Agent Harness

agent_harness turns Agent Zero into a coding-first, DeerFlow-inspired implementation harness.

It adds explicit run modes, checkpointed risky actions, thread-scoped workspace data, memory curation, task-graph orchestration, and a DeerFlow-like core bridge over Agent Zero's existing runtime.

What This Plugin Is

Agent Harness is the closest DeerFlow-style coding harness that fits naturally inside Agent Zero's plugin architecture.

It is designed for:

deep implementation tasks that benefit from an explicit run lifecycle
safer autonomous coding with checkpoints before risky actions
project rule curation instead of silent memory writes
thread-local uploads, outputs, and scratch workspace data
structured orchestration for larger coding tasks
exposing DeerFlow-like backend state without replacing Agent Zero itself

What This Plugin Is Not

This plugin is not a literal port of the full DeerFlow backend.

Today it does not ship:

a standalone LangGraph server
a separate DeerFlow gateway service
DeerFlow's channel app layer
DeerFlow's full sandbox/provider stack

Instead, it brings DeerFlow's coding-harness ideas into Agent Zero by using Agent Zero's own plugin hooks, API handlers, tools, and UI.

Main Capabilities

DeerFlow-aligned coding modes: flash, standard, pro, ultra
explicit run state with objective, phase, risk level, failures, verification, and task tracking
guarded execution with approval checkpoints for risky actions
manual and queued memory curation for reusable repo rules
DeerFlow-style thread data roots for workspace, uploads, and outputs
optional multi-step task-graph orchestration with parallel subagent dispatch in ultra
a DeerFlow-like core facade for thread state, configured models, available skills, and memory status
dashboard UI for current run, task graph, pending checkpoints, memory queue, and recent accepted rules

Quick Start

Enable the plugin in Agent Zero.

This plugin is not always_enabled, so it must be turned on through Agent Zero's plugin controls. It supports global, per-project, and per-agent configuration.
Open the Agent Harness UI.

The plugin provides:
- a dashboard for active run state and review queues
- a status strip above the chat input when show_status_ui is enabled
- a sidebar entry for quick access
Start a run.

For most coding tasks, start in pro.

Use ultra when the work is large enough to benefit from decomposition and parallel subagents.
Work in chat as usual.

The harness injects workflow instructions into the runtime and tracks the run as the agent moves through inspect, plan, implementation, verification, and completion.
Review checkpoints and memory proposals.

Risky actions will pause behind a checkpoint. Reusable rules are captured into a review queue instead of being silently persisted.
Verify and complete.

The harness expects tests or other verification to be recorded before a run is completed.

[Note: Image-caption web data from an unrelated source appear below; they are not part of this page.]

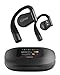 Cleer ARC 3 Open Ear Headphones - Dolby Audio, Snapdragon Sound True Wireless Earbuds, 50Hr Battery, Bluetooth 5.4, IPX 7, Multi-Point, Smart Controls, Wireless Charging Smart Case, Comfort Fit, Black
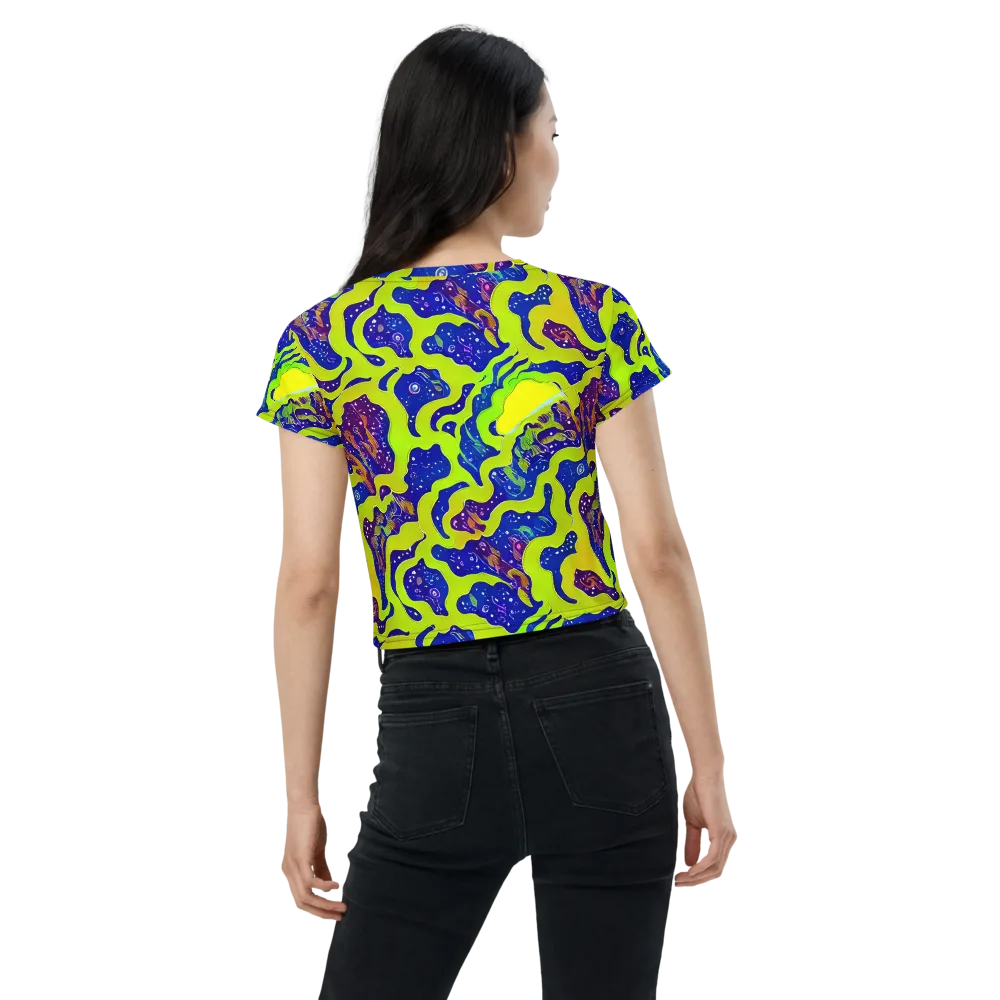 Galactic Tangledown on Crop Tee — Back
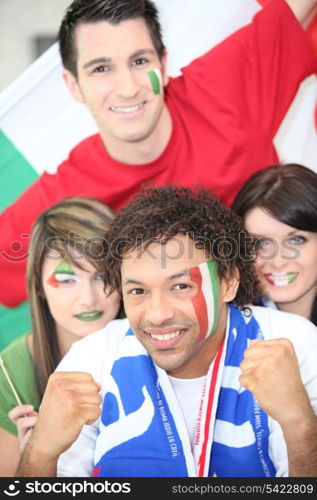 Italy supporters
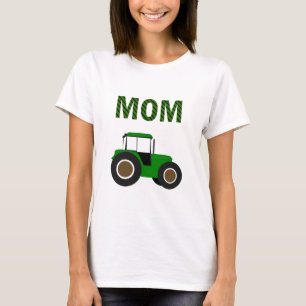 Green Farm Tractor Kids Birthday Party Mum T-Shirt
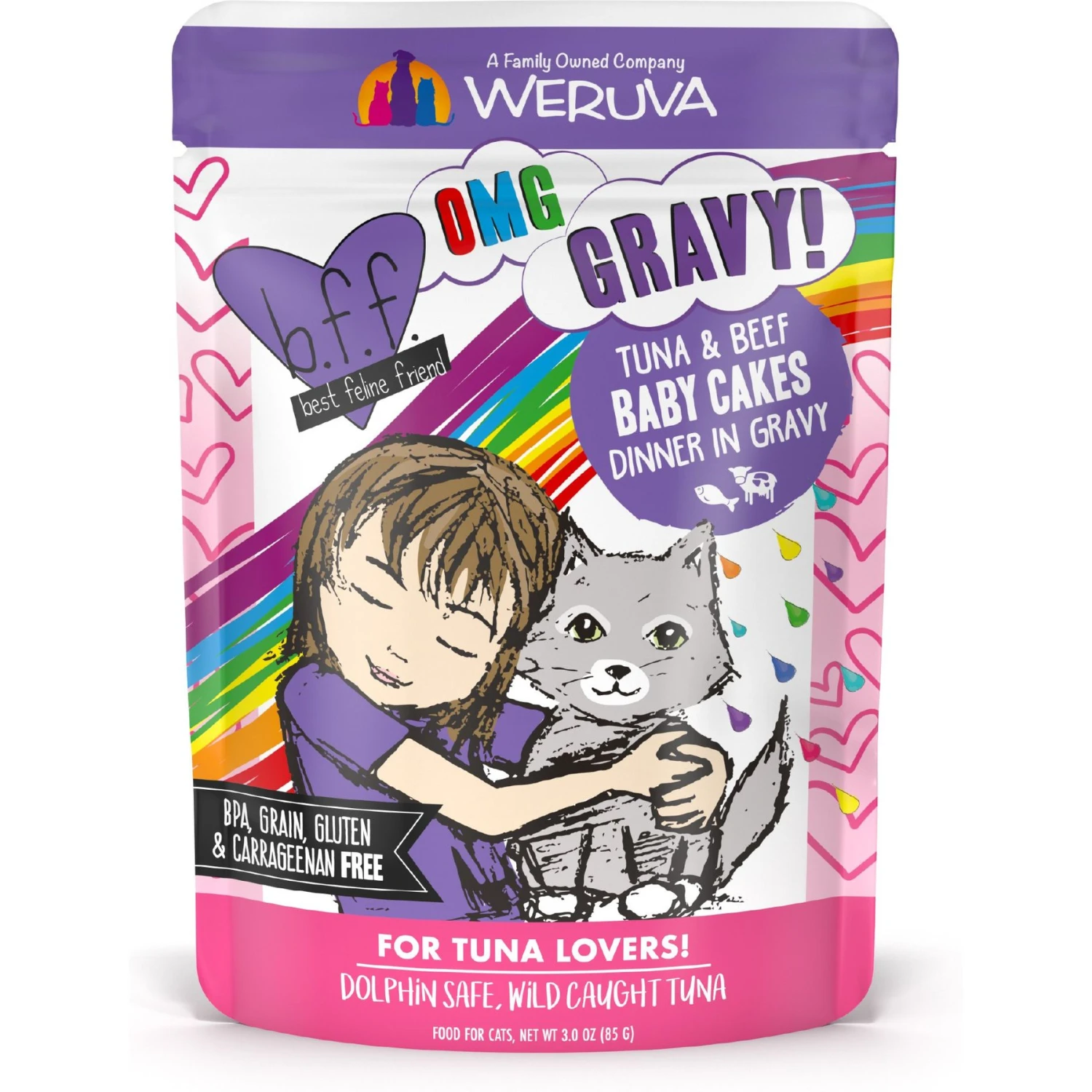 BFF Tuna & Beef Baby Cakes Dinner In Gravy Wet Cat Food Pouches & BFF Tuna & Lamb Luv Ya Dinner In Gravy Wet Cat Food Pouches 5 BFF Tuna & Beef Baby Cakes Dinner In Gravy Wet Cat Food Pouches & BFF Tuna & Lamb Luv Ya Dinner In Gravy Wet Cat Food Pouches - Image 3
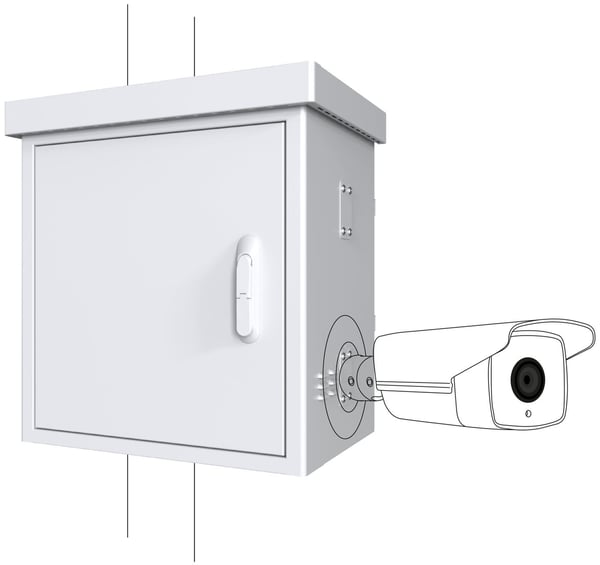 Lanview RCCTV003 stativ 0U Hvid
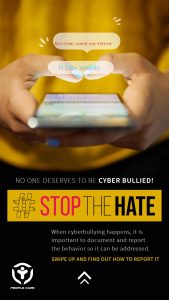 Stop The Hate Cyberbullying Instagram Story Made with PosterMyWall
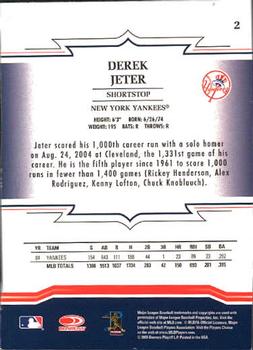 2005 Donruss Throwback Threads #2 Derek Jeter Back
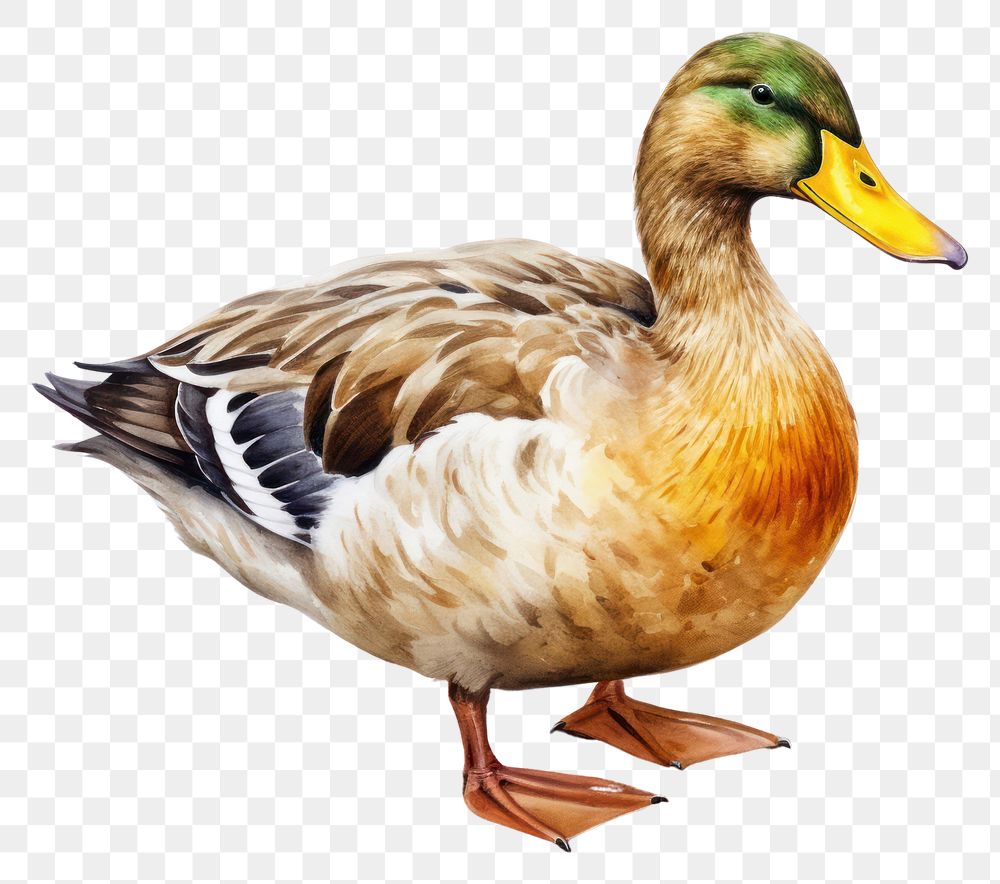 PNG Duck animal bird transportation. AI generated Image by rawpixel.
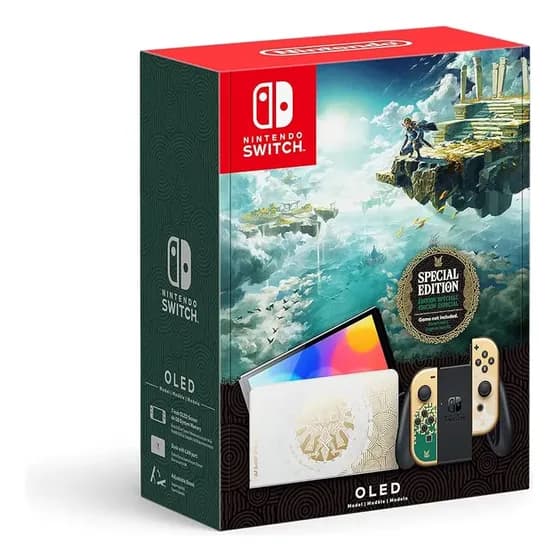Nintendo Switch Oled Ediaao Zelda Tears Of The Kingdom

Recommended Mode Selection

Mode	Best For	Planning	Subagents	Default Policy
`flash`	small, low-risk coding tasks	usually skipped	disabled	`subagent_limit=0`, `repair_limit=0`
`standard`	moderate single-agent work	optional	disabled	`subagent_limit=0`, `repair_limit=1`
`pro`	most serious coding work	recommended for multi-step tasks	disabled	`subagent_limit=0`, `repair_limit=1`
`ultra`	larger, multi-file, decomposable work	required before multi-file execution	enabled	`subagent_limit=3`, `repair_limit=3`

Migration note:

legacy stored values such as assist, build, and surge are normalized to the new DeerFlow-style modes so older saved settings do not break existing chats

Run Lifecycle

Each harness run tracks a concrete coding workflow:

inspect
plan
implement
verify
repair
summarize
complete

The practical behavior depends on mode:

flash favors the shortest safe path
standard keeps the work thoughtful but single-agent
pro encourages deliberate inspect -> plan -> implement -> verify work
ultra expects task decomposition and supports dispatch/collect loops for parallel work

When a task graph exists, the harness tracks:

pending sub-tasks
dispatched sub-tasks
completed sub-tasks
failed sub-tasks

The dashboard renders both a Mermaid graph and a text fallback view of the graph.

Safety Model

Agent Harness adds review checkpoints before risky behavior.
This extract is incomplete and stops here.